■ Exercise description ■
Skip the pictures. Retype exactly, and only, the lines between the line holding "TIFFANY&Co. Ring K18" and the last line below, inclusive.

Image-caption web data
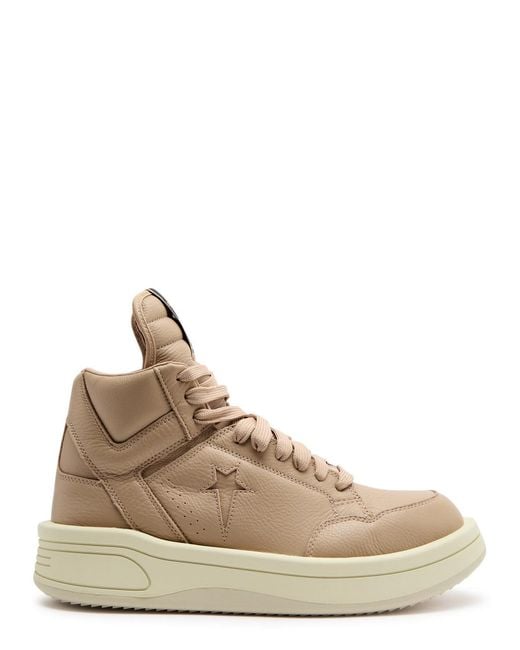 Rick Owens Natural X Converse Turbowpn Panelled Leather Sneakers for men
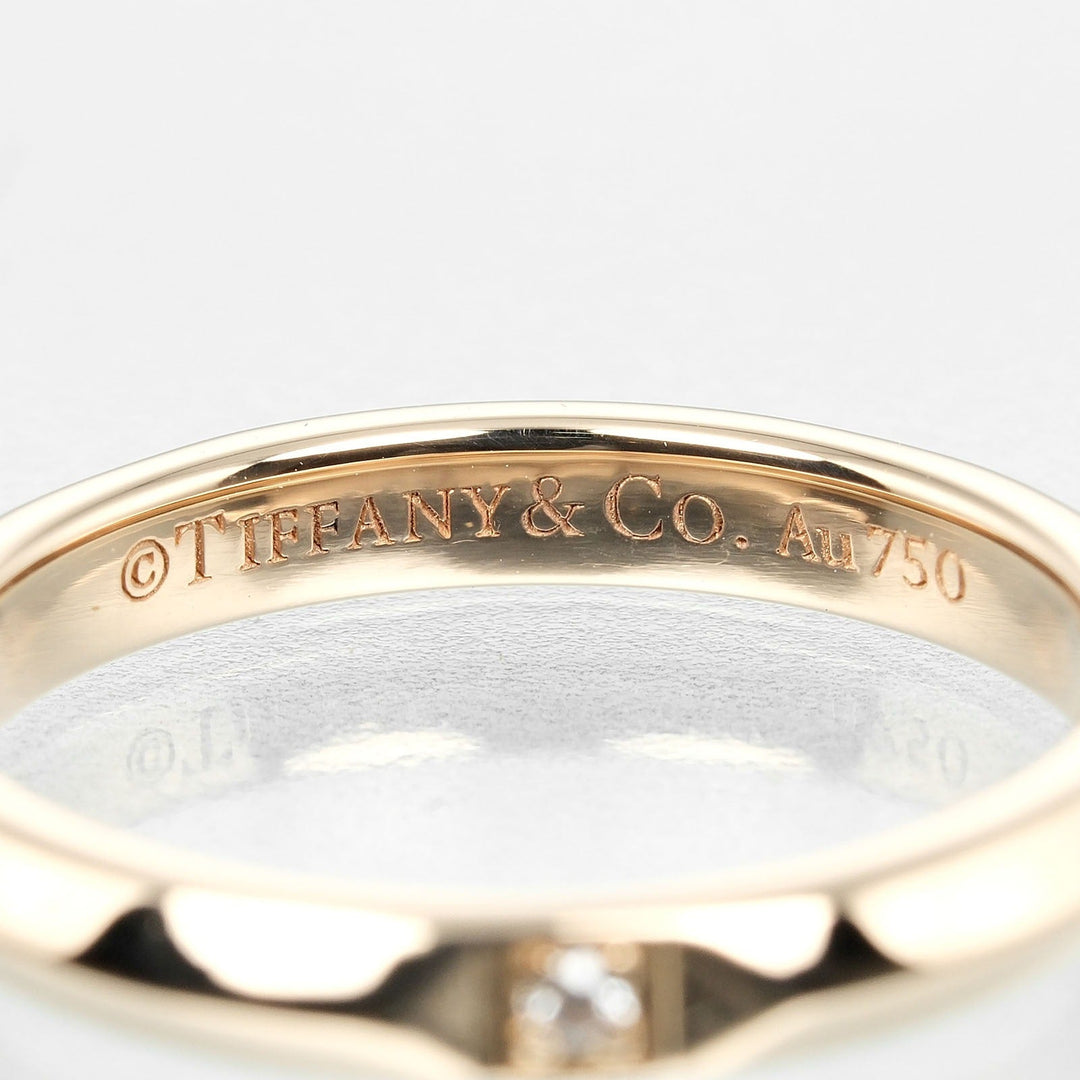 TIFFANY&Co. Ring K18 pink gold, 5P diamonds gold 0.1" model True Women Used Authentic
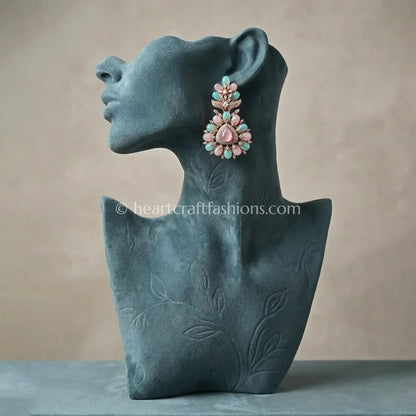 Pastel Floral Drop Earrings – Blush Pink & Aqua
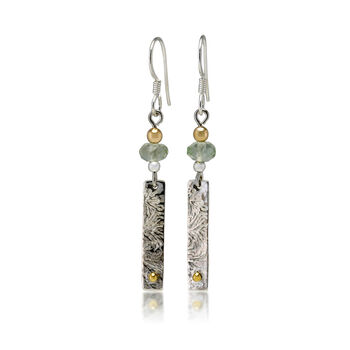 Handmade Green Amethyst Hammered Drop Earrings, 4 of 7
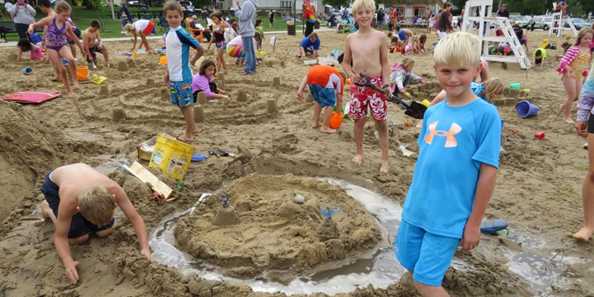 The infamous sand castle building contest at Kids Day.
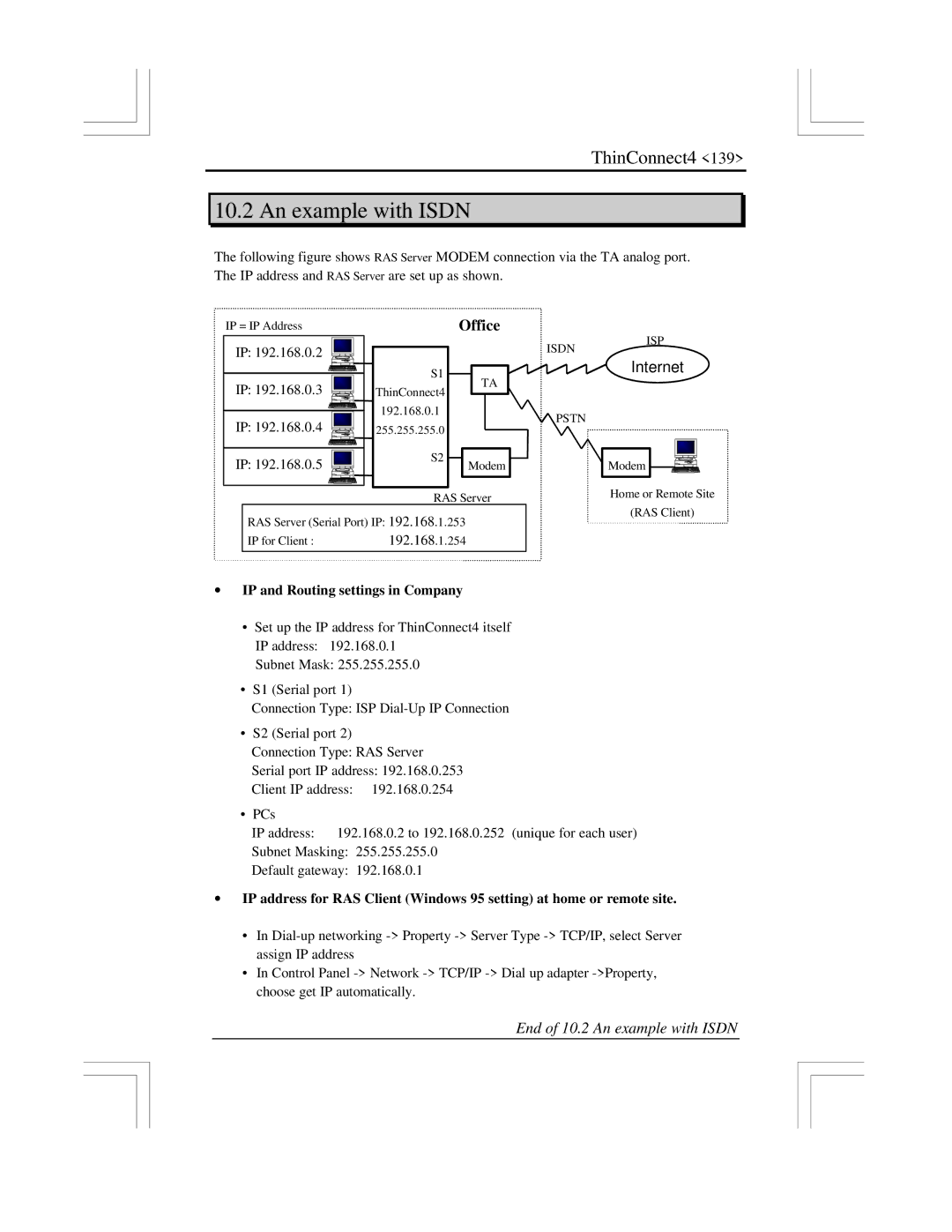 EXP Computer ThinConnect4 user manual An example with Isdn, Office, ∙ IP and Routing settings in Company 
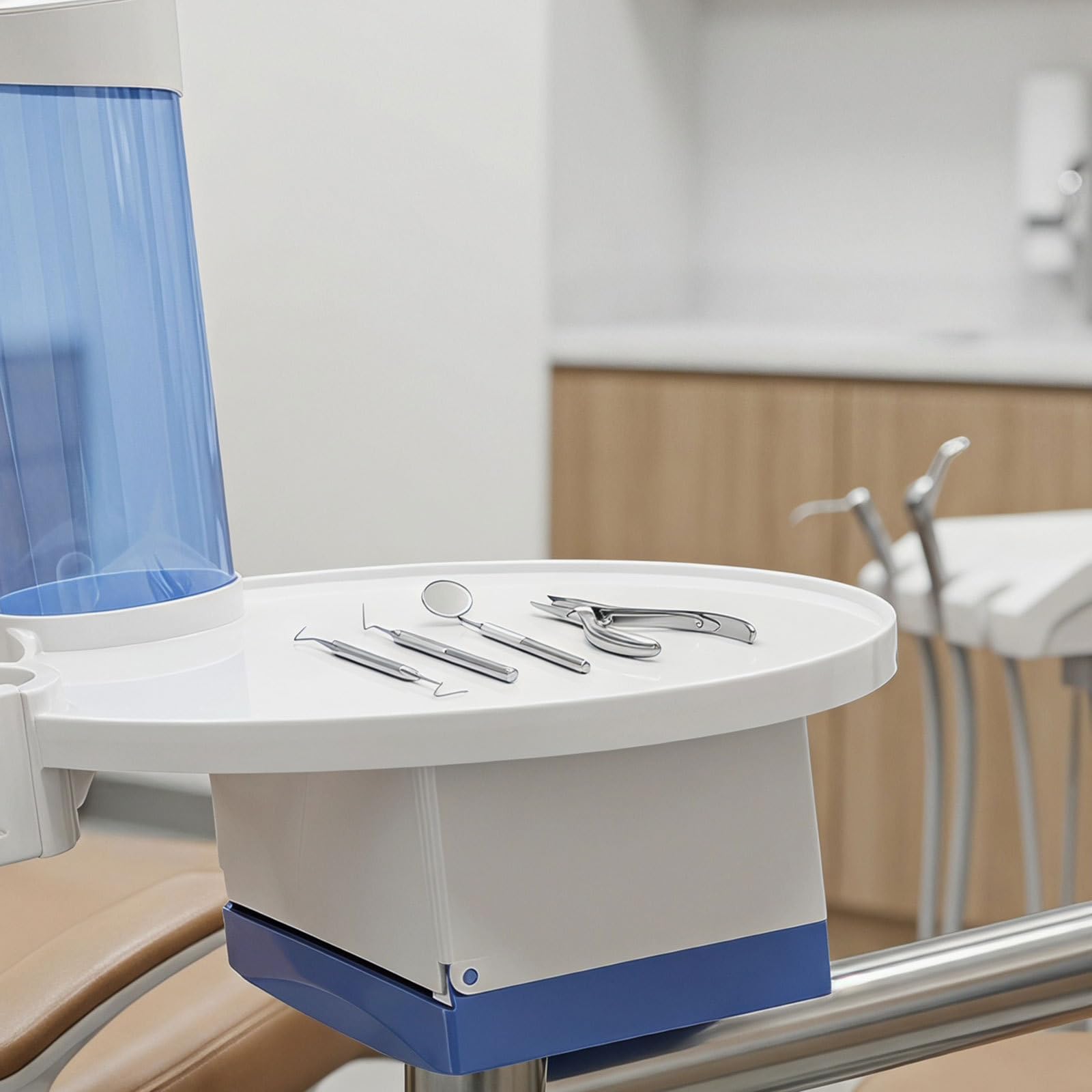Zerodeko Porte-gobelet pour fauteuil dentaire - Plateau buccal dentaire avec boîte à mouchoirs - Porte-gobelet bleu - Organisateur de matériel pour salle de soins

■ Finished task ■
 TIFFANY&Co. Ring K18 pink gold, 5P diamonds gold 0.1" model True Women Used Authentic
 Pastel Floral Drop Earrings – Blush Pink & Aqua
 Handmade Green Amethyst Hammered Drop Earrings, 4 of 7
 The infamous sand castle building contest at Kids Day.
 EXP Computer ThinConnect4 user manual An example with Isdn, Office, ∙ IP and Routing settings in Company 
Zerodeko Porte-gobelet pour fauteuil dentaire - Plateau buccal dentaire avec boîte à mouchoirs - Porte-gobelet bleu - Organisateur de matériel pour salle de soins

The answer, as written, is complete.